--- Entries shown Enclosed Below ---

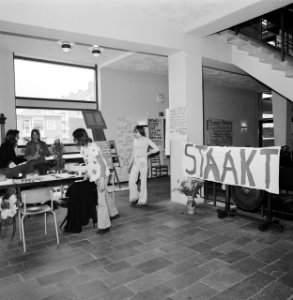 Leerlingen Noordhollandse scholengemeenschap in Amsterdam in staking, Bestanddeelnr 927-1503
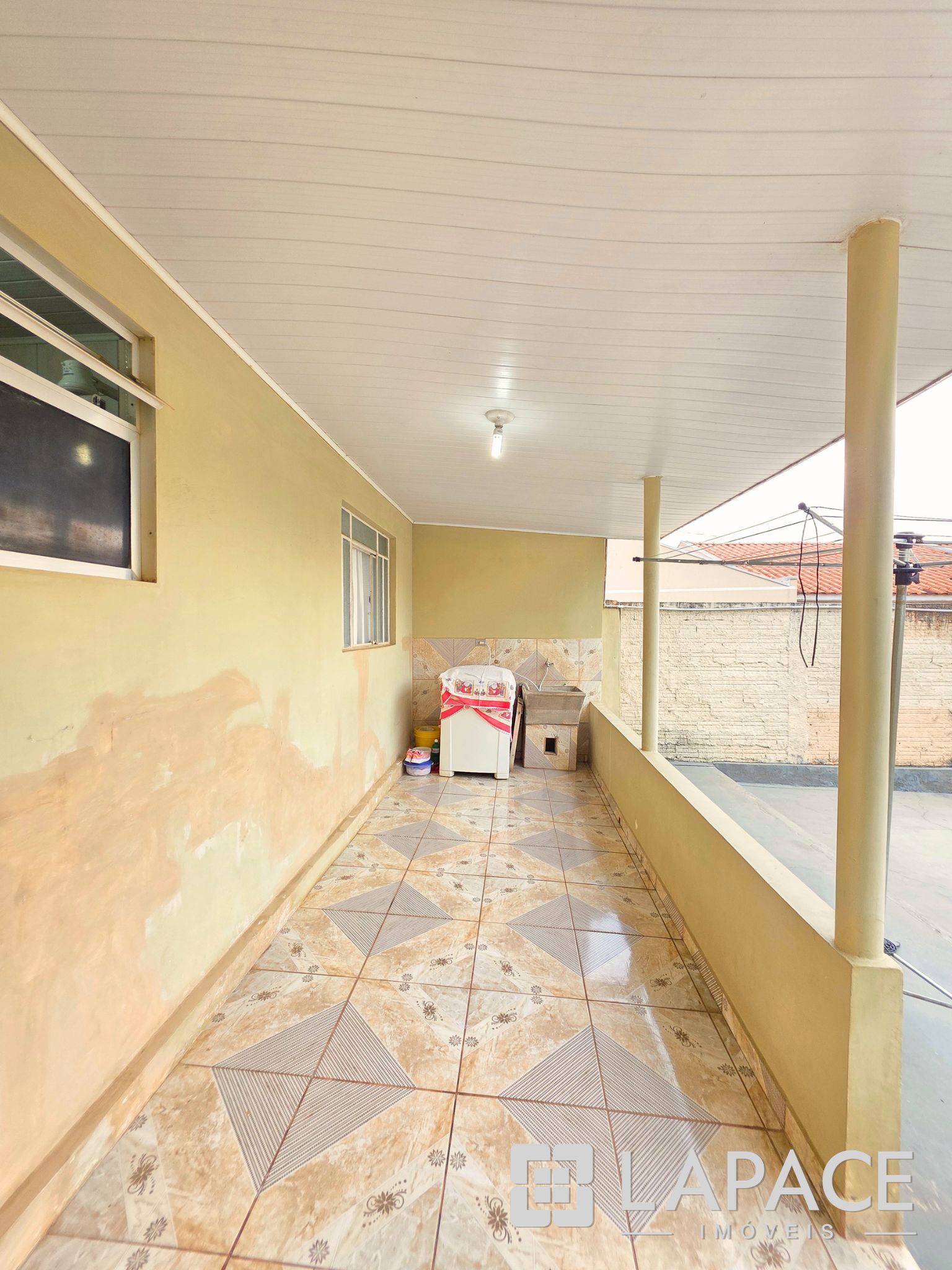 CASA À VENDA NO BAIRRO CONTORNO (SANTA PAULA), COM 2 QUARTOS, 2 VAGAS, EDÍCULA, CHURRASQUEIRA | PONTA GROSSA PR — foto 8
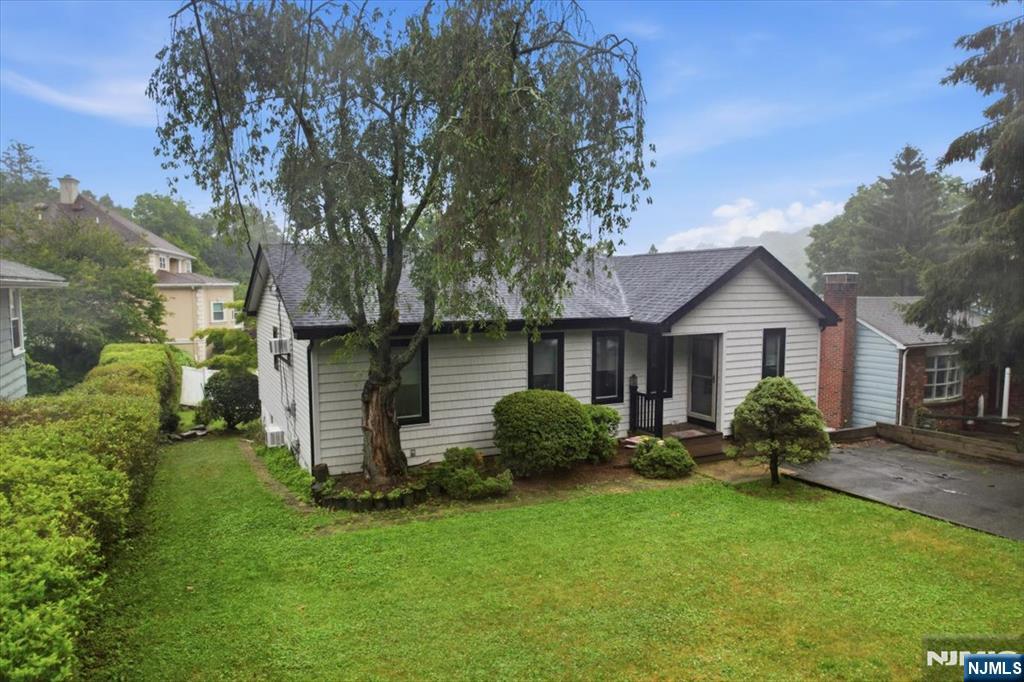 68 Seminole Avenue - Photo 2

--- End of Enclosed Entries shown ---
--- Entries shown Enclosed Below ---

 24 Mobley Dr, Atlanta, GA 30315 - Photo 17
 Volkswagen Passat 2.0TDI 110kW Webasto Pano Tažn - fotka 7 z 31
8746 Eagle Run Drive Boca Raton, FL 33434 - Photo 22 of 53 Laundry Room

--- End of Enclosed Entries shown ---

# Task
Copy exactly the part of the material above that opens with the line containing "CASA À VENDA" and closes with the line containing "68 Seminole Avenue - Photo 2", ends included. Drop the images.

# Answer for the task
 CASA À VENDA NO BAIRRO CONTORNO (SANTA PAULA), COM 2 QUARTOS, 2 VAGAS, EDÍCULA, CHURRASQUEIRA | PONTA GROSSA PR — foto 8
 68 Seminole Avenue - Photo 2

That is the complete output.